This week I decided to sit down and try to come up with some basic contingency planning to keep myself on track to complete 300 workouts when life gets in the way. For example:
- What if I’m traveling for a work and the hotel gym doesn’t have the equipment I need?
- What if I’m sick and have to stay home?
- What if something comes up in the morning and I have to workout late at night when my gym is closed?
- What if I get injured?
Back when I first wrote about going to the gym this time last year, my buddy Phil commented on one of my posts and made a very good point: the gym isn’t the only place to be active. But as I tried to come up with some contingency plans, I kept running into the same question:
What counts as a “workout?”
I’ve structured an entire goal around a workout count, so it stands to reason that I should havea clear definition of what a “workout” actually is. If the family decides to go for a hike, is that a workout? If I get down and do 100 pushups, does that “count” as much as running six miles?

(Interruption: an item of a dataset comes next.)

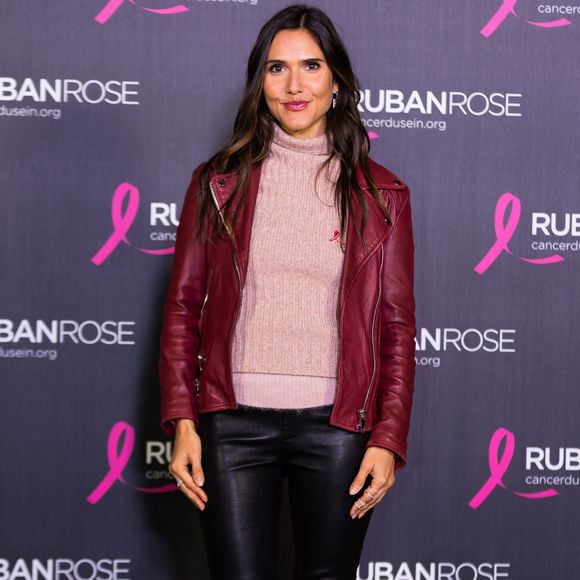 Joyce Jonathan - Soirée de lancement "Octobre Rose" organisée par l'association Ruban Rose présentée par I. Ithurburu à Paris le mardi 30 septembre 2025. 
© Léa Maï - Léo Trotin - association Ruban Rose / Bestimage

What about 50 pushups? What about taking the stairs at work instead of the elevator? What about a single pushup?
I’m relying heavily on this workout count number, both for motivation and for accountability. So I need to protect the integrity of what I’m measuring. At the same time, if I’m in a situation where I literally can’t do any of the pre-defined workouts I have available to me, I still want to do something. Even though putting something in my spreadsheet can be very motivating, it can be just as demotivating when I consider the prospect of doing something physically demanding that I’m not going to get “credit” for. If it’s not going to make it into the spreadsheet, what’s the point?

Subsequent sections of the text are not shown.